■ **Problem**:
Write out the full listing exactly as given, minus the images.

■ **Information shown**:
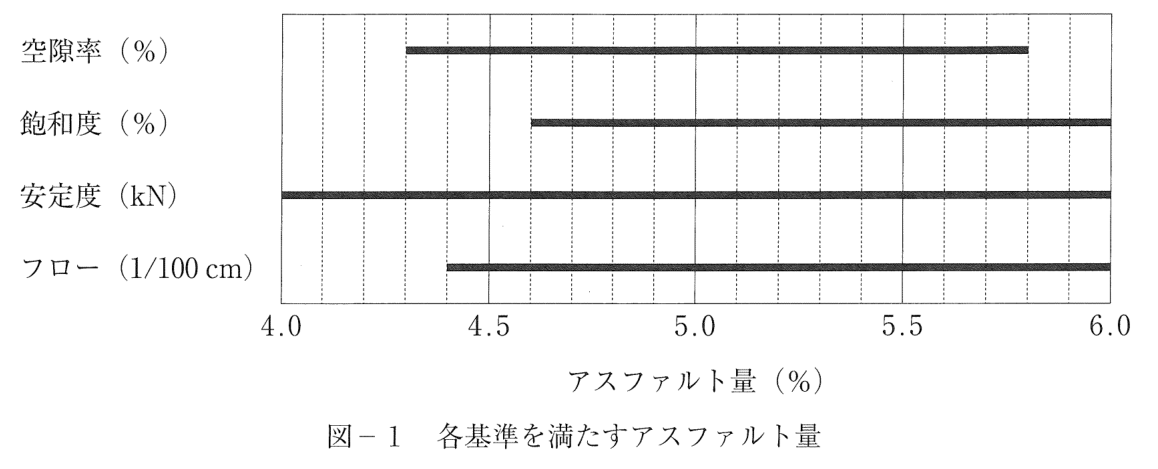 図-1 各基準を満たすアスファルト量。横軸はアスファルト量(%)で4.0〜6.0(0.1ごとの目盛線、4.0・4.5・5.0・5.5・6.0に数値)。各基準を満たす範囲を横の太線で示す。空隙率(%):4.3〜5.8。飽和度(%):4.6〜6.0(右端まで)。安定度(kN):4.0〜6.0(全範囲)。フロー(1/100cm):4.4〜6.0(右端まで)。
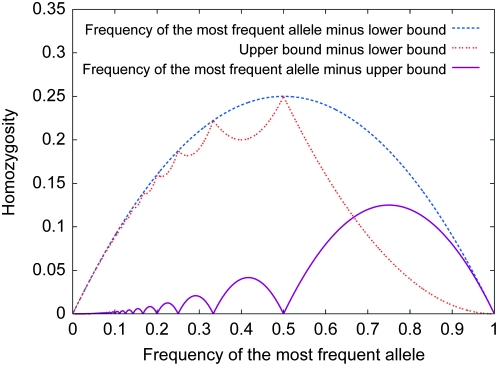 Figure 5.—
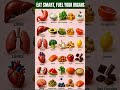 Eat Smart, Fuel Your Organs 🌿 Best Foods for Every Organ Must Know!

■ **Answer below**:
 図-1 各基準を満たすアスファルト量。横軸はアスファルト量(%)で4.0〜6.0(0.1ごとの目盛線、4.0・4.5・5.0・5.5・6.0に数値)。各基準を満たす範囲を横の太線で示す。空隙率(%):4.3〜5.8。飽和度(%):4.6〜6.0(右端まで)。安定度(kN):4.0〜6.0(全範囲)。フロー(1/100cm):4.4〜6.0(右端まで)。
 Figure 5.—
 Eat Smart, Fuel Your Organs 🌿 Best Foods for Every Organ Must Know!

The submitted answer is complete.